Extracted data START

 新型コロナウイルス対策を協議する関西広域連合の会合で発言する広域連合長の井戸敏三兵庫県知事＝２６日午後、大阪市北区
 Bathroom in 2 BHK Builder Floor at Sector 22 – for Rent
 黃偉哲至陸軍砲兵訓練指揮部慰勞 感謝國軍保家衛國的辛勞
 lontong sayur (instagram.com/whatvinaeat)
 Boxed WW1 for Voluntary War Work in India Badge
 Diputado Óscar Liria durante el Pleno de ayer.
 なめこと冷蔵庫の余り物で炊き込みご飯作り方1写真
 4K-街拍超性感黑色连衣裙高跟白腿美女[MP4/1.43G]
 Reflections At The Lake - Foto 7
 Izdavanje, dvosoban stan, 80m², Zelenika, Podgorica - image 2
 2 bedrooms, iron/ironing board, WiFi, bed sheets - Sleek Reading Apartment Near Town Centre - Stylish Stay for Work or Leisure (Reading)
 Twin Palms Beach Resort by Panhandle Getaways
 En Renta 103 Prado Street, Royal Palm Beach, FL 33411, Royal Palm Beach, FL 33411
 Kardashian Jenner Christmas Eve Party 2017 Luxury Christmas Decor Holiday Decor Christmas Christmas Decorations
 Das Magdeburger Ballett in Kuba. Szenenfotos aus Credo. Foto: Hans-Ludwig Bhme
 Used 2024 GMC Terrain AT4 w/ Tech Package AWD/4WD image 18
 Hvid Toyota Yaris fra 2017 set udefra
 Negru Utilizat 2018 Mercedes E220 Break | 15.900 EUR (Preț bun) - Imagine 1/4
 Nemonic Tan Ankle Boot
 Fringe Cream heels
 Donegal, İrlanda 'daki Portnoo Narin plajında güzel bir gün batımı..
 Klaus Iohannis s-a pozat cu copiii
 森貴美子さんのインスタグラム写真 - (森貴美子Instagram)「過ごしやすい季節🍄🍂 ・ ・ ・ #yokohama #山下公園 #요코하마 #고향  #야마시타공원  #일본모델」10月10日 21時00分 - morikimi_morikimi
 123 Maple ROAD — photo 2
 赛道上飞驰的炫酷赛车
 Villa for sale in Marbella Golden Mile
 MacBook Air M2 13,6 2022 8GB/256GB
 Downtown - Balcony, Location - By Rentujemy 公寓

Extracted data END

» Task objective: Please return every line from the first one in the records above down to the line containing "MacBook Air M2 13,6 2022 8GB/256GB", including both, exactly as written and nothing more.

» Answer:
 新型コロナウイルス対策を協議する関西広域連合の会合で発言する広域連合長の井戸敏三兵庫県知事＝２６日午後、大阪市北区
 Bathroom in 2 BHK Builder Floor at Sector 22 – for Rent
 黃偉哲至陸軍砲兵訓練指揮部慰勞 感謝國軍保家衛國的辛勞
 lontong sayur (instagram.com/whatvinaeat)
 Boxed WW1 for Voluntary War Work in India Badge
 Diputado Óscar Liria durante el Pleno de ayer.
 なめこと冷蔵庫の余り物で炊き込みご飯作り方1写真
 4K-街拍超性感黑色连衣裙高跟白腿美女[MP4/1.43G]
 Reflections At The Lake - Foto 7
 Izdavanje, dvosoban stan, 80m², Zelenika, Podgorica - image 2
 2 bedrooms, iron/ironing board, WiFi, bed sheets - Sleek Reading Apartment Near Town Centre - Stylish Stay for Work or Leisure (Reading)
 Twin Palms Beach Resort by Panhandle Getaways
 En Renta 103 Prado Street, Royal Palm Beach, FL 33411, Royal Palm Beach, FL 33411
 Kardashian Jenner Christmas Eve Party 2017 Luxury Christmas Decor Holiday Decor Christmas Christmas Decorations
 Das Magdeburger Ballett in Kuba. Szenenfotos aus Credo. Foto: Hans-Ludwig Bhme
 Used 2024 GMC Terrain AT4 w/ Tech Package AWD/4WD image 18
 Hvid Toyota Yaris fra 2017 set udefra
 Negru Utilizat 2018 Mercedes E220 Break | 15.900 EUR (Preț bun) - Imagine 1/4
 Nemonic Tan Ankle Boot
 Fringe Cream heels
 Donegal, İrlanda 'daki Portnoo Narin plajında güzel bir gün batımı..
 Klaus Iohannis s-a pozat cu copiii
 森貴美子さんのインスタグラム写真 - (森貴美子Instagram)「過ごしやすい季節🍄🍂 ・ ・ ・ #yokohama #山下公園 #요코하마 #고향  #야마시타공원  #일본모델」10月10日 21時00分 - morikimi_morikimi
 123 Maple ROAD — photo 2
 赛道上飞驰的炫酷赛车
 Villa for sale in Marbella Golden Mile
 MacBook Air M2 13,6 2022 8GB/256GB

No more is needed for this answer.